The bench asked why the accused has not brought up an issue regarding sanction at trial, the court said it would also look at whether there are “consequences of not bringing up the issue concerning sanction during the trial , and afterward allowing the court of trial to go further, despite the opportunity provided to the accused when he was recording, and the subsequent assertion under Section 313 of the CrPC if there was no objection to the absence of sanction was raised at the moment of taking cognizance was made”.
In the presence of the state, Mehta said the accused had not raised the issue of sanction in the initial stage of trial and only raised the issue in the appellate phase. He also claimed that the gravity and seriousness of the offenses for which the accused was found guilty cannot be ignored.
In arguing that the goal of a sanction is to ensure that the accused is not subjected to a lengthy and gruelling trial, Mehta submitted that “if you are found guilty in an extensive trial, there will not be a unjust trial”.

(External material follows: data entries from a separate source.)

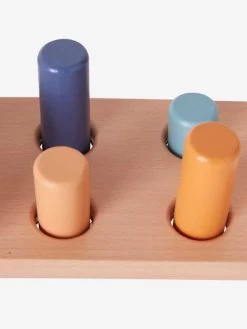 Banc à Marteler En Bois FSC® Multicolore - Vertbaudet -Bébé Boutique banc a marteler en bois fsc 5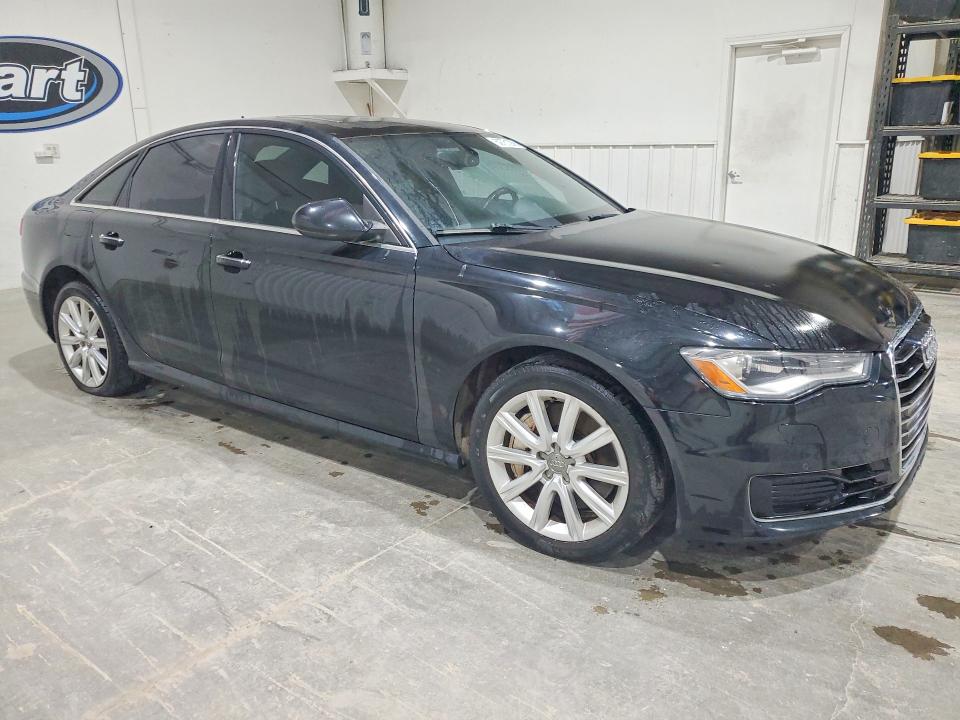 2016 Audi A6 მანქანა იყიდება აუქციონზე, vin: WAUFGAFCXGN012972, აუქციონის ნომერი: 50761286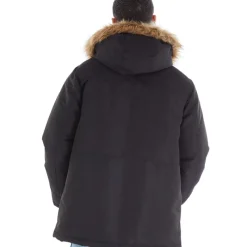 Sale JACK & JONES Herre Wing Parka Jakke Sort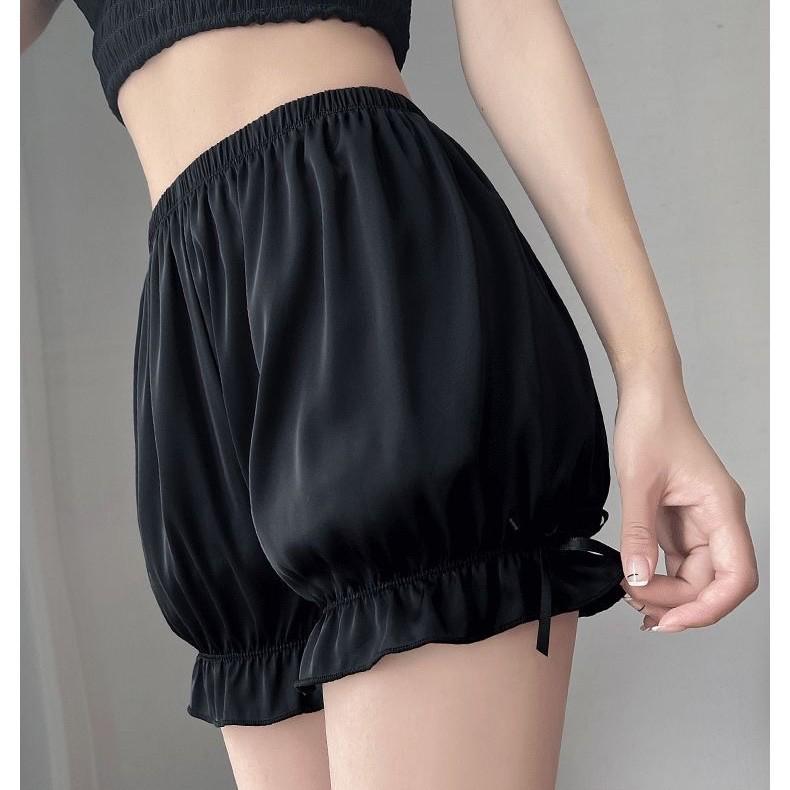 

Защитные шорты Ice Silk Pumpkin для женщин - летние шаровары One Size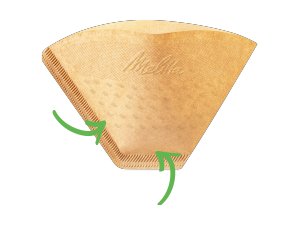 Melitta 1x4 Original Intense Filter paper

The Senior Advocate R Basant, appearing for Saibaba claimed the absence of a sanction at the date of framing or taking cognizance charge, and therefore Section 465 CrPC wouldn’t applysince the law is about irregularity or error of sanction and not about the absence of it.
The court was interested in knowing whether the accused raised any specific concerns regarding the lack of sanction in the course of trial.
Basant stated that there was no formal application made, but the matter was discussed in a conversation during cross-examination. He pleaded with the court to not to revoke the HC ruling and sought to bring attention to the medical condition of Saibaba in which he claimed to be “90 percent physical disabled” and suffers from a variety of issues. The claim is just about his brain being involved in the ideological process and not more.
Justice Shah responded, “so in the sense that Maoist operations are in question the brain plays an important role”.
The court will decide the case on the 8th of December.